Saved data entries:
[Start of Attachment]

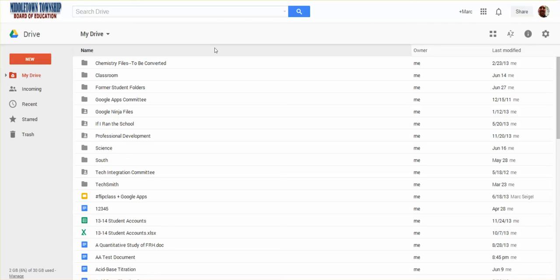Hi everyone, this is Mark Siegel and in this video I'm going to show you how to share a Google Doc both as a pure Google Doc and as a Word or PDF file.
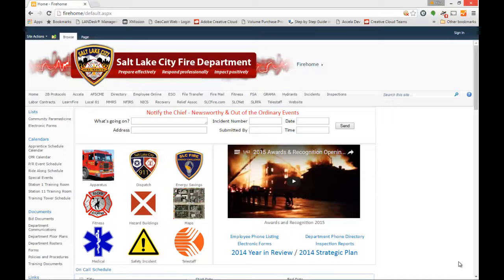Hi, this is Dave Roman with Salt Lake City Fire Department. In this quick video, I will show you how to enter hydrant inspections using either your Toughbook or a station computer.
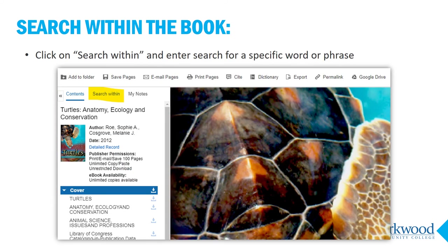In EBSCOhost, the search within tab is right above the front cover image. Click it and a search box appears where you can enter a word or phrase you want to locate in the book. In this example, I would probably start by entering "population" to see each mention of turtle population in this book.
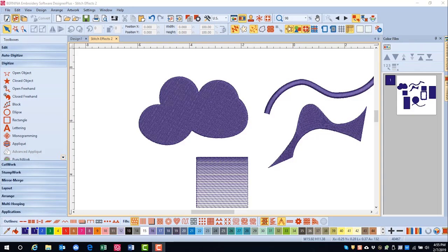The Wave Fill lets you contour fill stitches along a digitized line. The stitches maintain uniform density and needle penetrations.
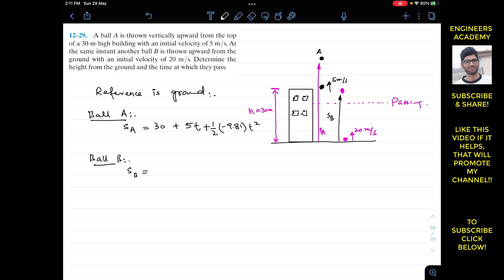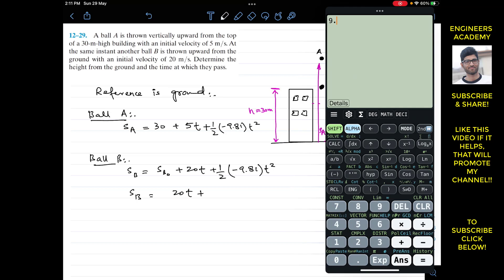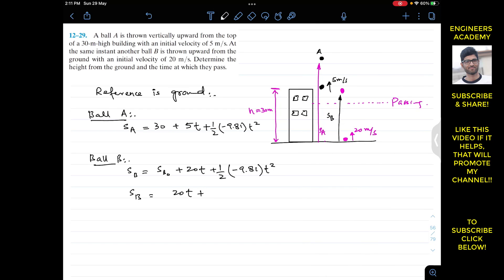Similarly, for ball B, its position equation is: sB = initial position + 20t − 4.905t². Since ball B is released from the ground, which is our reference, its initial position is zero. So sB = 20t − 4.905t².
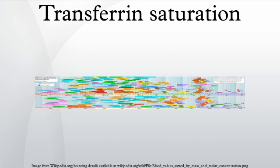TIBC, 240 to 450 micrograms per deciliter.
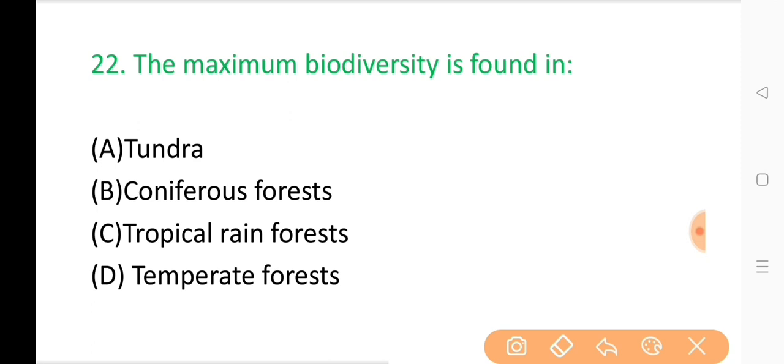Question No. 22: The maximum biodiversity is found in? The correct answer is Option C: Tropical rainforest.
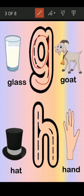Now let's come to the next letter, which is letter H. Which letter is this? H. H for hat, H for hand. H for hat, H for hand.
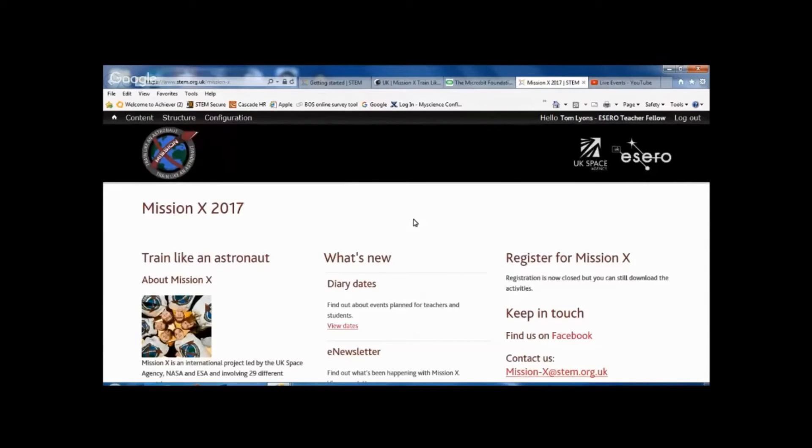Hi, my name is Tom Lyons. I work for ESERO UK, the European Space Education Resources Office.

[End of Attachment]

WHAT IS NEEDED:
Exact copies of the entries above are needed, with every picture removed.

ANSWER BOX:
Hi everyone, this is Mark Siegel and in this video I'm going to show you how to share a Google Doc both as a pure Google Doc and as a Word or PDF file.
Hi, this is Dave Roman with Salt Lake City Fire Department. In this quick video, I will show you how to enter hydrant inspections using either your Toughbook or a station computer.
In EBSCOhost, the search within tab is right above the front cover image. Click it and a search box appears where you can enter a word or phrase you want to locate in the book. In this example, I would probably start by entering "population" to see each mention of turtle population in this book.
The Wave Fill lets you contour fill stitches along a digitized line. The stitches maintain uniform density and needle penetrations.
Similarly, for ball B, its position equation is: sB = initial position + 20t − 4.905t². Since ball B is released from the ground, which is our reference, its initial position is zero. So sB = 20t − 4.905t².
TIBC, 240 to 450 micrograms per deciliter.
Question No. 22: The maximum biodiversity is found in? The correct answer is Option C: Tropical rainforest.
Now let's come to the next letter, which is letter H. Which letter is this? H. H for hat, H for hand. H for hat, H for hand.
Hi, my name is Tom Lyons. I work for ESERO UK, the European Space Education Resources Office.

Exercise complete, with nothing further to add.